A reflection a thousand days after the start of the conflict in Ukraine.
Andrea Tornielli
A thousand days. A thousand days have passed since February 24, 2022, when the Army of the Russian Federation attacked and invaded Ukraine on the orders of President Vladimir Putin. A thousand days and an unspecified – but very high – number of deaths, civilians and military, of innocent victims such as children killed in the streets, in schools, in their homes. A thousand days and thousands of injured and traumatized people destined to remain disabled for the rest of their lives, from homeless families. A thousand days and a martyred and devastated country. Nothing can justify this tragedy that could have been stopped sooner, if everyone had bet on what Pope Francis called “peace schemes”, instead of surrendering to the supposed inevitability of conflict.
A war that, like any other, is always accompanied by interests, mainly that of the only trade, which does not know a crisis and did not even know one during the recent pandemic, the global and transversal of those who manufacture and sell armaments both in the East and in the West.
The sad course of the thousand days since the beginning of the military aggression against Ukraine should raise the questions: how to end this conflict? How to reach a ceasefire and then a just peace? How can we give rise to negotiations, those “honest negotiations” that the Successor of Peter recently spoke of, that allow us to reach “honorable compromises”, putting an end to a dramatic spiral that risks dragging us into the abyss of nuclear war?
There is no hiding behind a finger. The encephalogram of diplomacy seems flat, the only ray of hope seems to be linked to the electoral declarations of the new president of the United States. But the truce, and then the negotiated peace, are – or rather, should be – an objective pursued by everyone and cannot be left to the promises of a single leader.
So what to do? How can Europe, in particular, reclaim a role worthy of its past and the leaders who built a community of nations after the war, ensuring decades of peace and cooperation for the Old Continent? The so-called West, instead of focusing only on the crazy arms race and military alliances that seemed obsolete and a legacy of the Cold War, should perhaps take into account the growing number of nations that do not recognize themselves in this scheme.

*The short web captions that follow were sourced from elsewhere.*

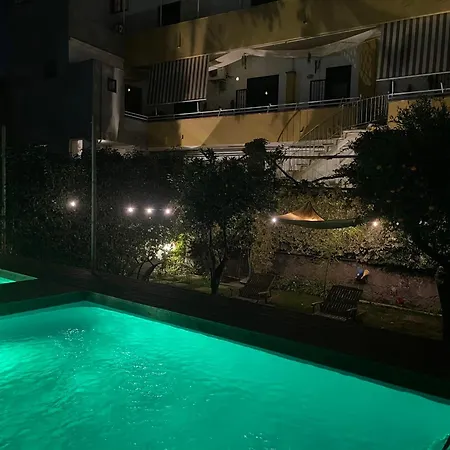 Palazzo Pirozzi Bed & Breakfast *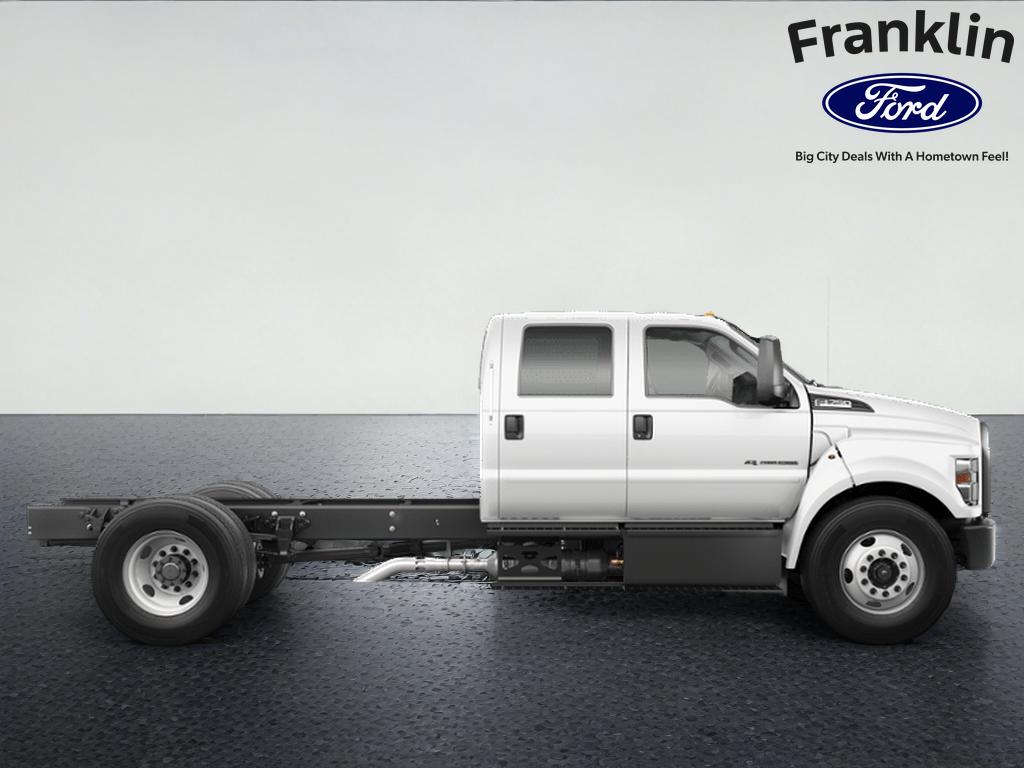 2026 Ford F-750SD Base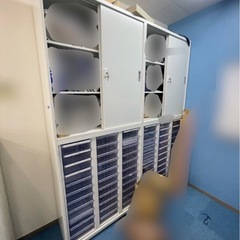 ◆鍵付き☆ クリスタルトレー キャビネット 上下書庫 3列11段...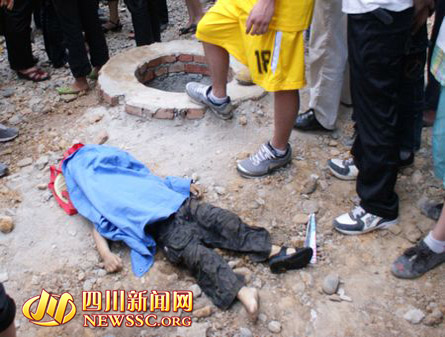 10来个池子口上均未加盖,一5岁男孩在玩耍时不慎掉入一井下溺死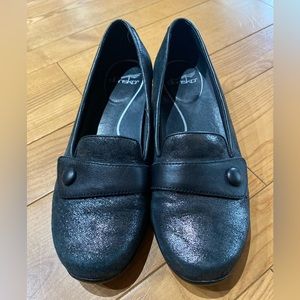 Dansko 40 Black and Pewter Leather Dress Flats/Loafers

There are countries that have maintained and even intensified high-level relations with Russia: why not deeply investigate the possibilities of finding common peace solutions? Why not develop diplomatic action and constant dialogue through non-sporadic, non-bureaucratic, but intense consultations with these countries? If European Chancelleries are uncomfortable following this path, is it possible to assume a greater role for Churches and religious leaders? In addition to the official contacts, which, by the way, are minimal, from the countries that support Ukraine financially and militarily, one would expect a greater initiative for analysis and proposals in parallel: there is an urgent need for international “reflection groups” capable of to dare, to indicate possible and concrete paths of solution, to propose schemes for a peace acceptable to all. To achieve this, as Cardinal Parolin told Vatican media, there is a great need “for statesmen with a far-reaching vision, capable of courageous gestures of humility, capable of thinking about the good of their people.” There is also a need, never more than today, for people to raise their voices to ask for peace.